YOUR TASK =>
Every line from the one containing "Thanks for watching!" to the one containing "Step five: be" in the records below, both included, must be set down exactly, and no other line.

SUPPLIED MATERIAL =>

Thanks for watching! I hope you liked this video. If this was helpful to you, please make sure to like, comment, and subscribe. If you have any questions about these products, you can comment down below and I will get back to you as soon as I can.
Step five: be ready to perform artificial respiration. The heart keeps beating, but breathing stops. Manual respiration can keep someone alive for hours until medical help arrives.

* * *

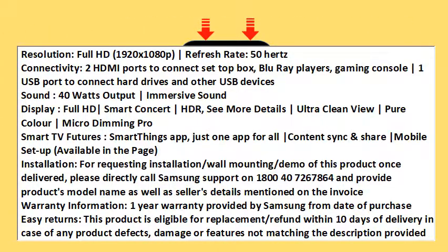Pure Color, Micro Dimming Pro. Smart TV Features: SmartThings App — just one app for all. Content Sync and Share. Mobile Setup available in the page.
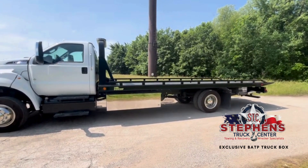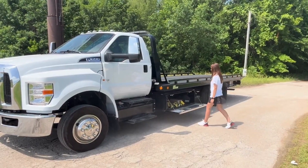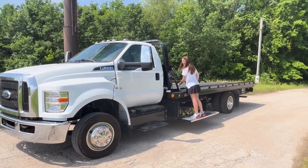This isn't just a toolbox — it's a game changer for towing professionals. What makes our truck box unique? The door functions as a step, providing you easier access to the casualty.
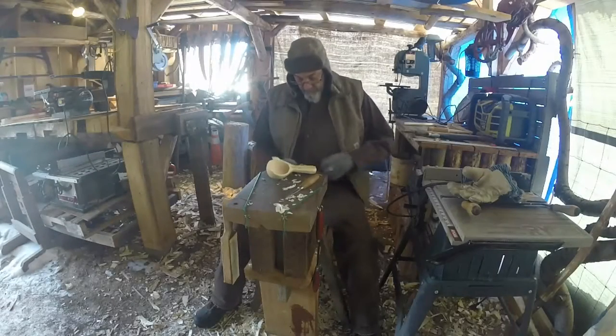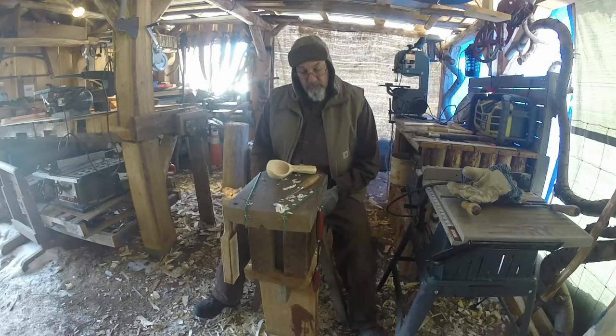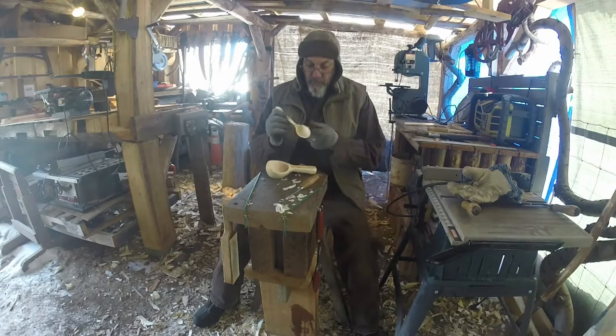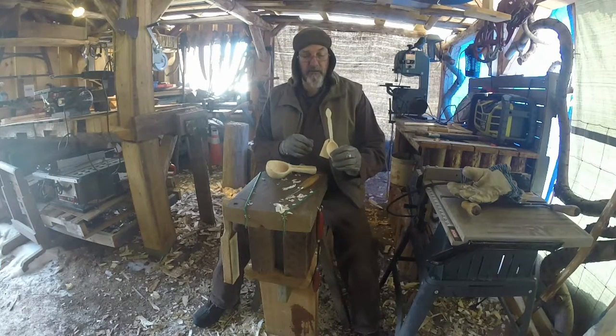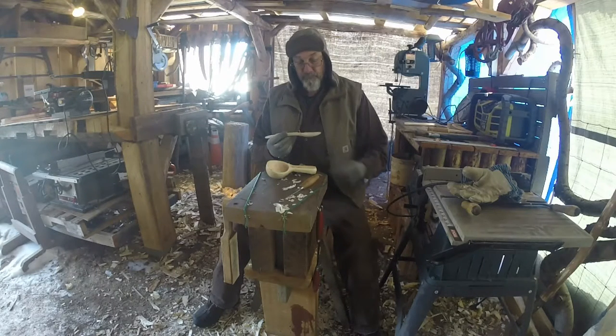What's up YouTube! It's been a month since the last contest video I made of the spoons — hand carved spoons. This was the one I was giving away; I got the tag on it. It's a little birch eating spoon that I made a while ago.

WRITTEN ANSWER =>
Thanks for watching! I hope you liked this video. If this was helpful to you, please make sure to like, comment, and subscribe. If you have any questions about these products, you can comment down below and I will get back to you as soon as I can.
Step five: be ready to perform artificial respiration. The heart keeps beating, but breathing stops. Manual respiration can keep someone alive for hours until medical help arrives.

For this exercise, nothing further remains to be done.